O advogado especialista em direito dos negócios e propriedade intelectual Ricardo Costa Oliveira explica que, com a união estável, Graziela tem direito a 100% do legado financeiro de Mãe Stella. Ele explica que apenas pais e filhos concorreriam com a união estável na divisão dos bens, incluindo o direito à propriedade intelectual dos livros. Se Mãe Stella tivesse pais ou filhos, o dinheiro seria dividido entre eles e a companheira da ialorixá, que ficaria com 50% da herança. Caso a união estável não existisse - e não fosse posteriormente comprovada na Justiça -, a herança seria distribuída entre a irmã e sobrinhos. “O direito autoral, ao contrário da patente, é um tipo de propriedade intelectual que dura toda a vida e ainda um tempo a mais. No Brasil, o direito autoral literário segue para os herdeiros entre 50 e 70 anos”, acrescenta. Segundo o presidente da Sociedade Cruz Santa, entidade civil que mantém e administra o Ilê Axé Opô Afonjá, o ogã Ribamar Daniel, os proventos do terreiro não têm relação com a herança pessoal de Mãe Stella e são administrados pela entidade. “O que a sociedade recebe é voltado para as obras sociais, por exemplo. O que era dela, ia para a conta dela”, diz.
Legado literário
Mãe Stella, em vida, publicou sete livros e foi eleita para a cadeira de número 33 da Academia de Letras da Bahia (ALB), que tem como patrono o poeta Castro Alves.

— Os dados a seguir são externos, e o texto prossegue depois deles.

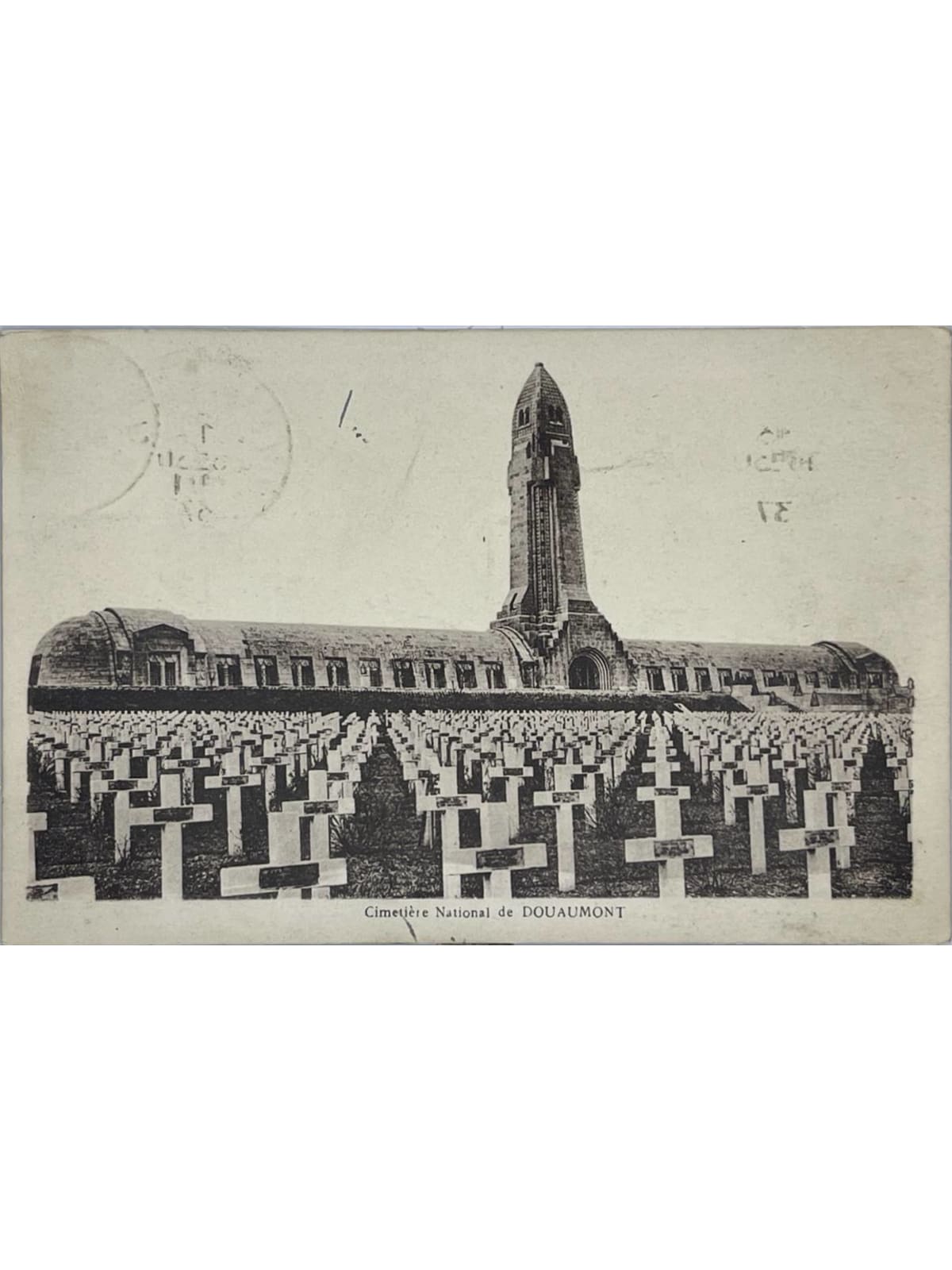 Recto de la carte postale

O escritor Aramis Ribeiro Costa era presidente da ALB na ocasião. Para ele, a nomeação da ialorixá foi uma forma de fazer justiça à cultura afro brasileira. “Ela é uma digna representante do segmento cultural. A indicação dela para a cadeira era desejo de alguns acadêmicos e ocorreu por unanimidade”, explicou Costa. O escritor também destacou que além de representar a cultura afro brasileira, Mãe Stella era herdeira de “uma tradição de ialorixás famosíssimas”, daí sua importância. “Ela representava e faz parte de toda essa cultura que não é apenas livresca, de literatura, mas de cultura. Ela é uma representante muito digna e uma criatura humana extraordinária”, acrescentou Aramis.